Au-delà de la gestion technique et énergétique des bâtiments, le Smart Building s’appuie de plus en plus sur l’optimisation des coûts du m² (Pour en savoir plus : lire notre article sur le sujet), l’amélioration du confort des usagers et l’intégration du bâtiment au sein des quartiers voire même plus largement des villes. Le marché du bâtiment intelligent suscite les convoitises des GAFAM*, profitant de la digitalisation pour s’insérer dans la brèche. Ces grands acteurs du numérique ont d’ores et déjà commencé à réaliser des expériences dans certains quartiers en construction. C’est le cas de Google.

En effet, il y a quelques mois la célèbre entreprise américaine a dévoilé les premières images du quartier futuriste qu’elle souhaite développer à Toronto : le quartier Quayside. La future Google City sera entièrement connectée par les appareils Google avec comme argument la réalisation d’économies tout en apportant du confort à l’usager. L’incertitude de ce type de service réside dans le fait que les données récupérées par Google seraient potentiellement  réutilisées pour des offres de services payants.

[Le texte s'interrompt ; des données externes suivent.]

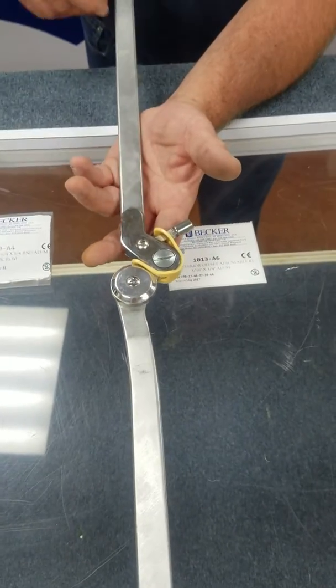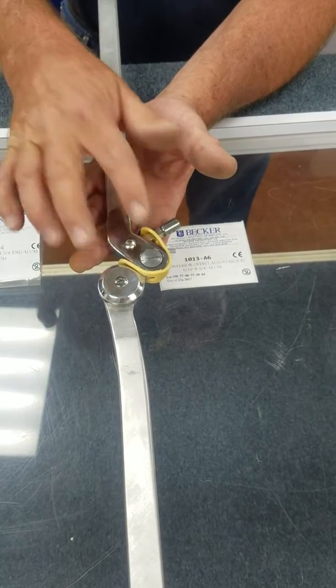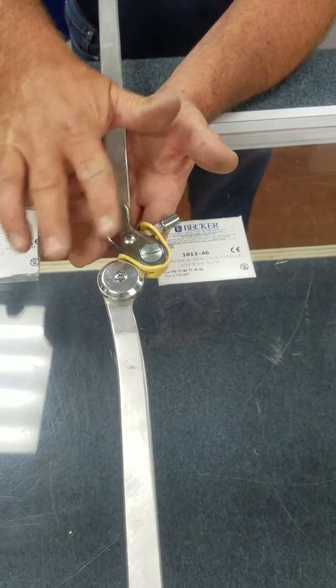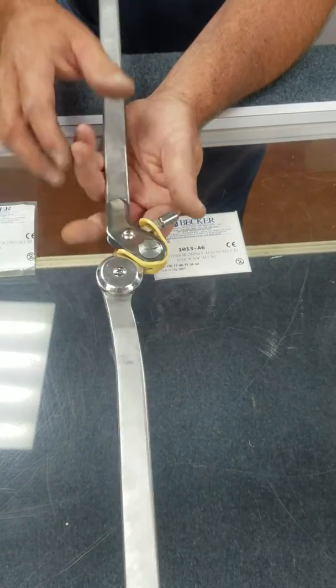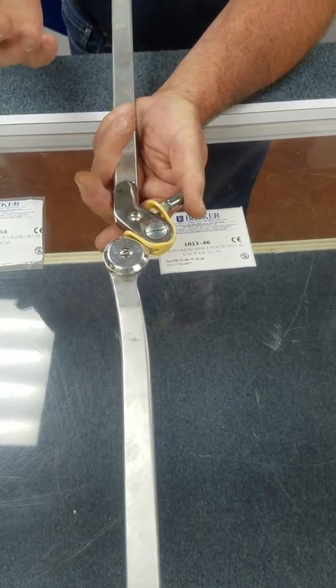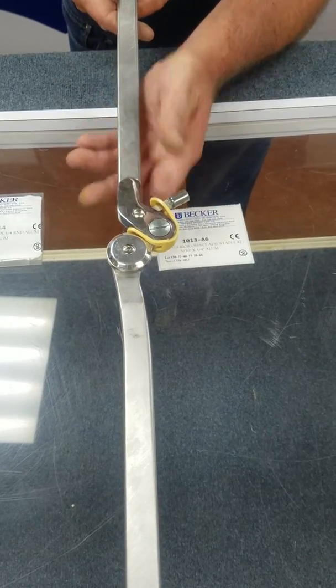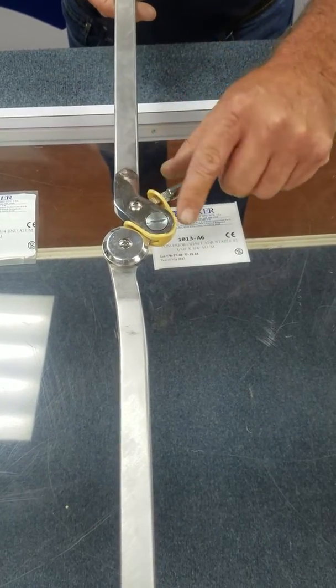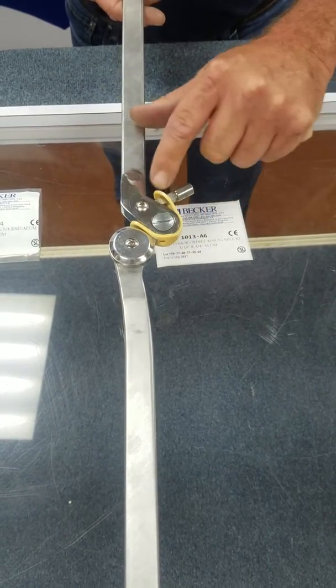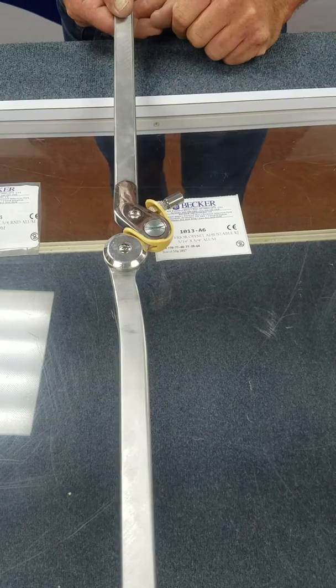The model 1013 is a posterior offset adjustable flexion knee joint with a bail that can be removed if necessary. It also has an automatic locking band.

Tout l’enjeu pour les acteurs historiques repose donc sur l’interopérabilité des solutions. Il y a nécessité pour les professionnels du secteur de travailler ensemble et non plus en silos. Le but est de proposer aux gestionnaires de bâtiments des systèmes interopérables et ouverts. Mettre en place des synergies et mutualiser les moyens va permettre d’offrir des solutions fiables, performantes et innovantes. C’est par cette stratégie que les acteurs réussiront à faire face aux GAFAM et garantir une qualité de services.

Les nouveaux services pour augmenter la valeur d’usage des bâtiments

Aujourd’hui, la force des acteurs du Smart Building repose sur leur positionnement stratégique. En effet, en plaçant l’usager au cœur des préoccupations ce n’est plus la technique qui guide le projet mais bien l’utilisateur. « Le smart pour le smart : c’est fini ! » C’est en donnant davantage de valeur au bâtiment que l’on accroît sa valeur d’usage.

Pascal Yenigotchian, Directeur Commercial France du pôle Bâtiments Connectés de Delta Dore, a animé un atelier sur le thème suivant : « Smart Building et nouveaux services : les enjeux et perspectives pour augmenter la performance et la valeur d’usage des bâtiments ». Aujourd’hui, seulement 0,5% des données existantes sont analysées et valorisées. L’exploitation de la donnée est clé dans la création de services et de valeur pour l’utilisateur, pour les entreprises et pour les tiers. Avec le Smart Building, nous sommes passés d’un business model d’équipements techniques autonomes à un business model de services, notamment grâce aux technologies IoT et IP. Cela donne naissance à de nouvelles applications, de nouveaux modèles d’affaires et façons de monétiser les données pour valoriser les actifs. La création de valeur d’un bien immobilier passe par les services fournis aux utilisateurs (sécurité, confort, maintenance, assistance, localisation, etc.), et plus largement à l’ensemble des acteurs du bâtiment.